Animals and the Climate

Animal scientists, called zoologists, study animal habitats and populations as well as behaviour. They observe the implications of changing conditions. If climate conditions change, animals might face changes to their food, water, and other resources. For example, if plants and animals die during a drought, it will impact the lives of other animals that feed on them.

When the habitat changes, some animals migrate, some move, some adapt, some die, some thrive, and some change their behaviour. For example, animals may look for different food and prey that they would not usually eat if their usual prey moves out of the region or if the vegetation changes.

Climate and environmental scientists study the implications of climate change. They agree that the Earth’s surface temperature has increased more the 1C (one degree Celsius) over the last 100 years.

How do scientists know that the world is getting warmer?

Climate scientists, called climatologists, use many indicators to understand changing conditions. Indicators are like signs that indicate possible change – positive change, negative change, or no change. Climatologists observe the atmosphere on land and oceans.

Climatologists use ten main indicators (signs) to determine whether the world is getting warmer. They measure the signs at regular intervals, over many years, to determine whether temperatures and conditions are changing. 

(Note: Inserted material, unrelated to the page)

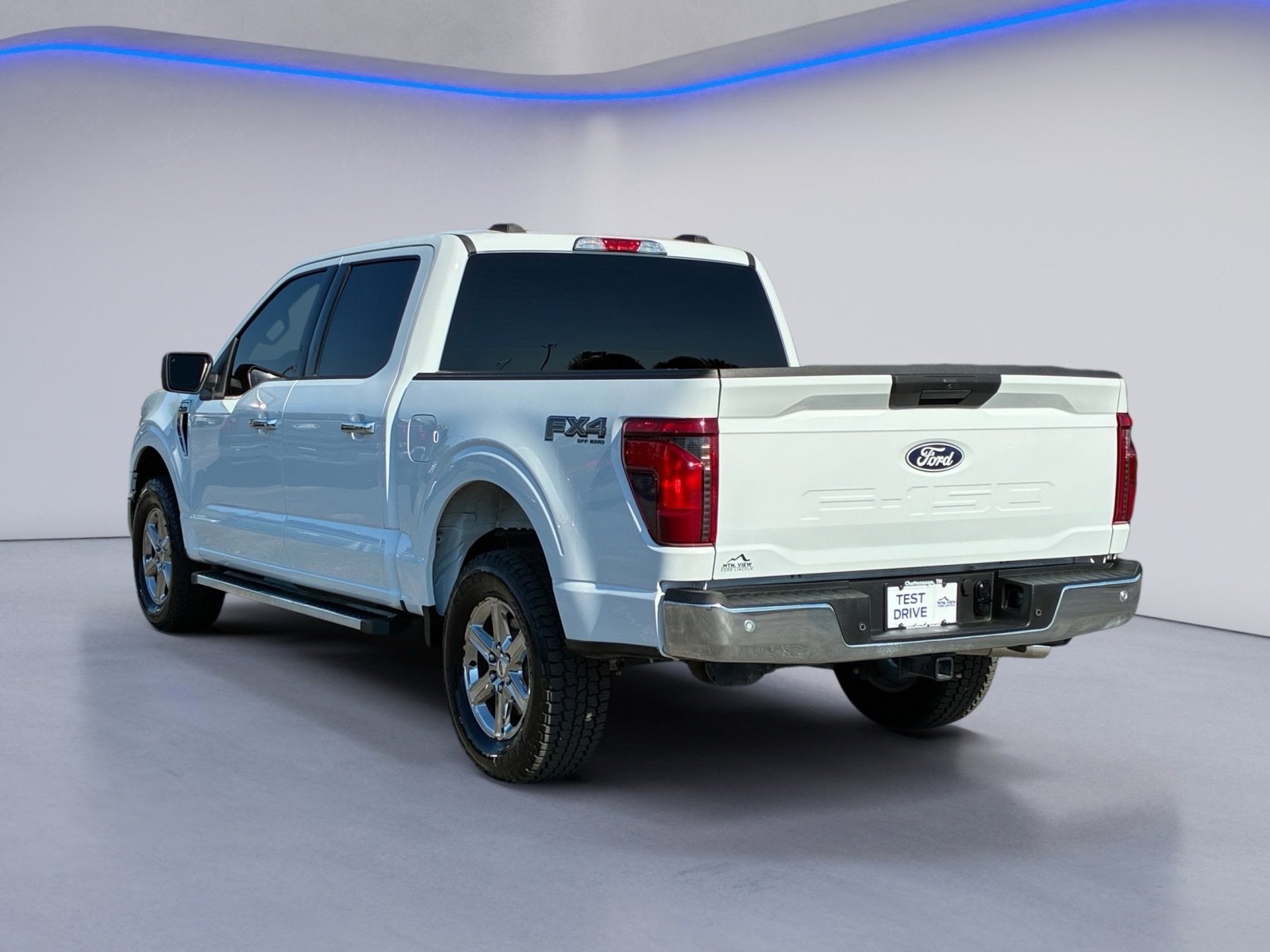 Certified 2025 Ford F-150 XLT Truck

The ten main signs that the world is getting warmer are:

  1. Increasing air temperature near the Earth’s surface (troposphere)
  2. Increasing temperature over land 
  3. Increasing temperature over the ocean
  4. Increasing sea surface temperature 
  5. Increasing ocean heat content (in the ocean)
  6. Increasing humidity (the amount of moisture in the air)
  7. Increasing sea levels
  8. Decreasing glaciers
  9. Decreasing snow cover
  10. Decreasing sea ice.

Increasing temperatures affect weather through many ways: by warming ocean temperatures, increasing ocean acidification, melting ice at polar regions, rising sea levels, and increasing intense weather events (such as hurricanes, floods, wild fires etc.)

When zoologists study animals, they also observe the weather and get information from climatologists.